En aquellos años celebrábamos las fiestas de navidad en un solar, o casa a medio construír, que nos cedía el padre de alguno del tercio.
El caso es que le dábamos un “lavao de cara” tapizando las paredes desconchadas con cartones, alumbrándolas con bombillas pintadas de colores (siempre de rojo, por crear un ambiente cercano a nuestras pretensiones), y buscábamos el “bujío” más escondido para emplazar el imprescindible “cuarto de los besos”.
Levantábamos aquel cuchitril con cuatro paredes y un techo de plástico, negro, como nuestras intenciones.

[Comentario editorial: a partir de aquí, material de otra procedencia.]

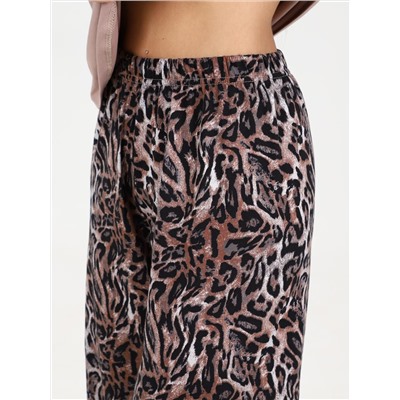 Ван Лобелия - пижама кофейный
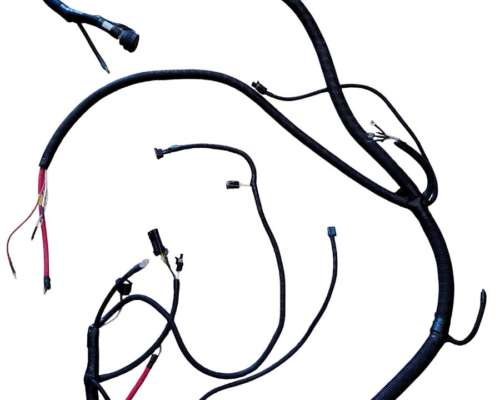 Arnés Motor Cosechadoras AFX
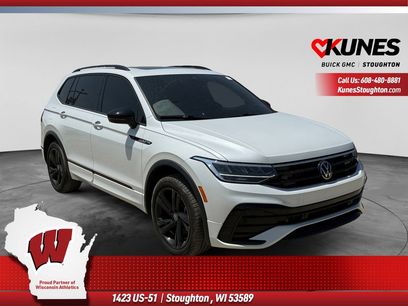 Used 2024 Volkswagen Tiguan SE R-Line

En aquella boca de lobo sólo cabía un destartalado sofá. No había nada más. Ni luces, ni ceniceros, ni comida, ni bebida…, solo oscuridad y deseos.
Una bendita oscuridad en la que, mancebos, imberbes y pollos, soñábamos poder entrar a tientas, con la que nos ocasionaba las mariposas en el estómago.
Aquella peli siempre acababa con una docena de besos “mal daos”, y una tortuosa exploración por las hechuras de la cortejada, buscando alguna “puerta” por la que entrar a palpar unos centímetros de piel, ardua faena por las innumerables mudas que siempre cubrían a nuestra dulcinea, hiciera o no hiciera frío, mecaguendié.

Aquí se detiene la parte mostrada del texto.